Author | : Malka Margalit |
Publisher | : Springer Science & Business Media |
Total Pages | : 309 |
Release | : 2010-06-25 |
Genre | : Psychology |
ISBN | : 1441962840 |
From texting and social networking sites to after-school activities, young people have many opportunities to interact with one another, and yet loneliness and isolation trouble today’s youth in increasing numbers. Many children and teens report feeling lonely even in the midst of family and friends, and childhood loneliness is a prime risk factor for adult alienation. Lonely Children and Adolescents: Self-Perceptions, Social Exclusion, and Hope illuminates seldom-explored experiences of social isolation among young people as well as the frustrations of the parents and teachers who wish to help. This groundbreaking book conceptualizes loneliness not simply as the absence of social connections, but as a continuum of developmental experience, often growing out of the conflict between opposite needs: to be like one’s peers yet be one’s unique self. The author draws clear distinctions between loneliness and solitude and identifies genetic and environmental characteristics (i.e., social, psychological, familial, and educational) that can be reinforced to help children become more resilient and less isolated.

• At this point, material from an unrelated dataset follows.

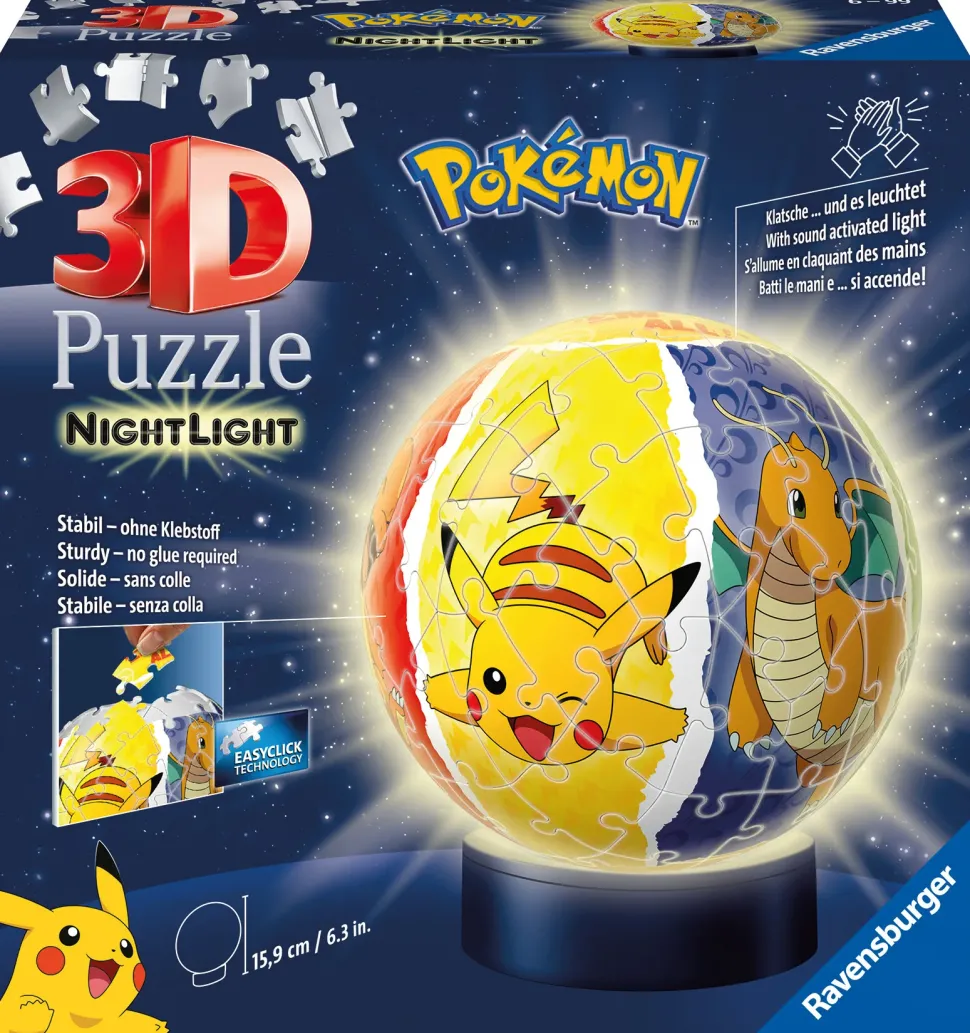 Ravensburger 3D Puzzle Nightlamp Pokemon, Night Lamp, 72 Pezzi, 6+ Anni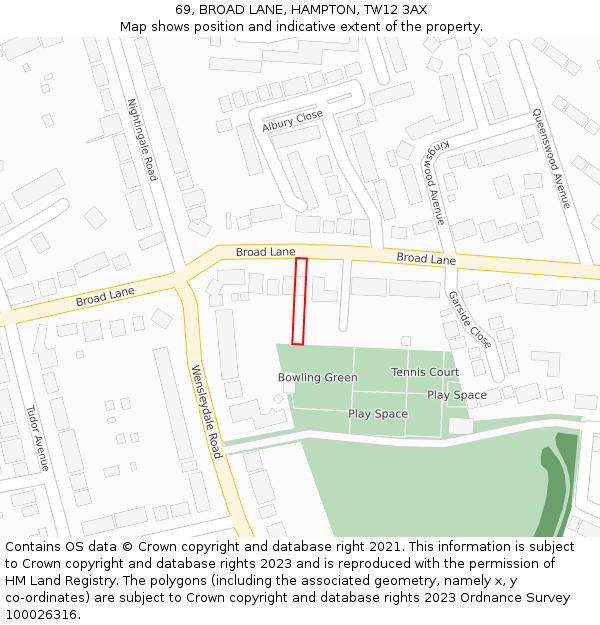 69, BROAD LANE, HAMPTON, TW12 3AX: Location map and indicative extent of plot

In addition, therapeutic approaches are described that challenge loneliness by encouraging empowerment, resilience, and hope, from proven strategies to promising tech-based interventions. Highlights include: • Developmental perspectives on loneliness. • Schools and the role of teachers, from preschool to high school. • Peer relations (e.g., cliques, bullies, exclusion, and popularity). • Lonely children, lonely parents: models of coping. • Loneliness in the virtual world. • Prevention and intervention strategies at home, at school, in therapy. Asking its readers to rethink many of their assumptions about social competence and isolation, this volume is essential reading for researchers and professionals in clinical child, school, developmental, and educational psychology; allied education disciplines; social work; and social and personality psychology.